◆ Task directions
In the listing that follows, print every line exactly and leave the images out.

◆ Source material
Start of Block
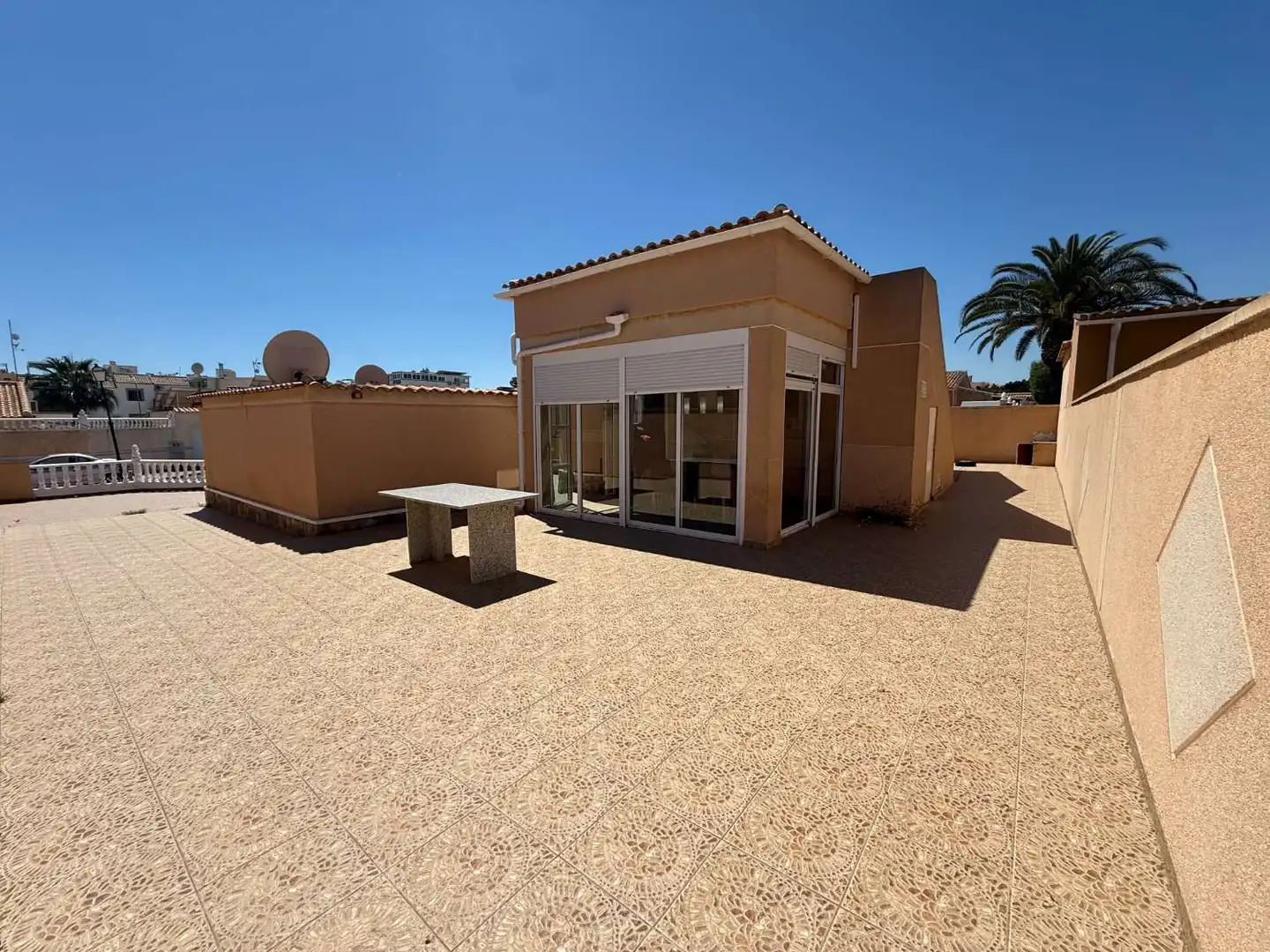 Vista exterior de Casa o xalet en venda en Orihuela amb Aire condicionat, Calefacció i Moblat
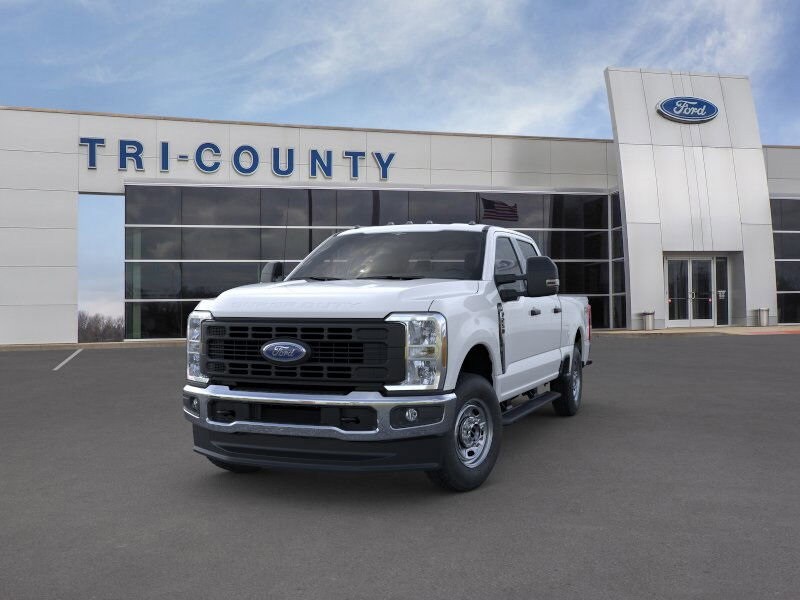 2025 Ford F-250 photo 2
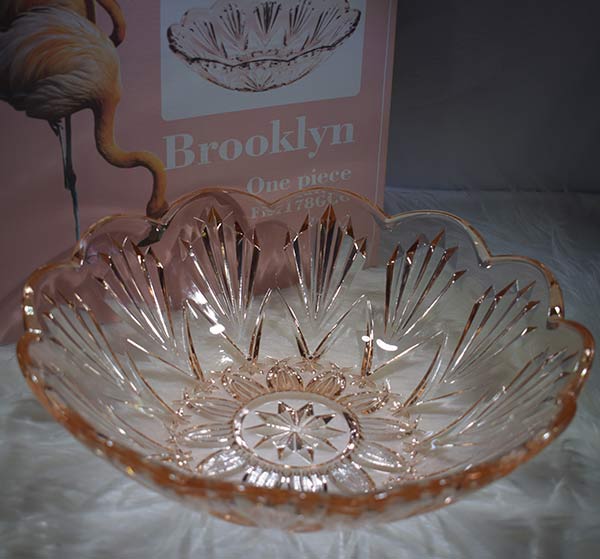 تصویر 1 از خرید عمده و قیمت میوه خوری بلور مدل بروکلین پایه دار و بدون پایه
End of Block
◆ Solution
 Vista exterior de Casa o xalet en venda en Orihuela amb Aire condicionat, Calefacció i Moblat
 2025 Ford F-250 photo 2
 تصویر 1 از خرید عمده و قیمت میوه خوری بلور مدل بروکلین پایه دار و بدون پایه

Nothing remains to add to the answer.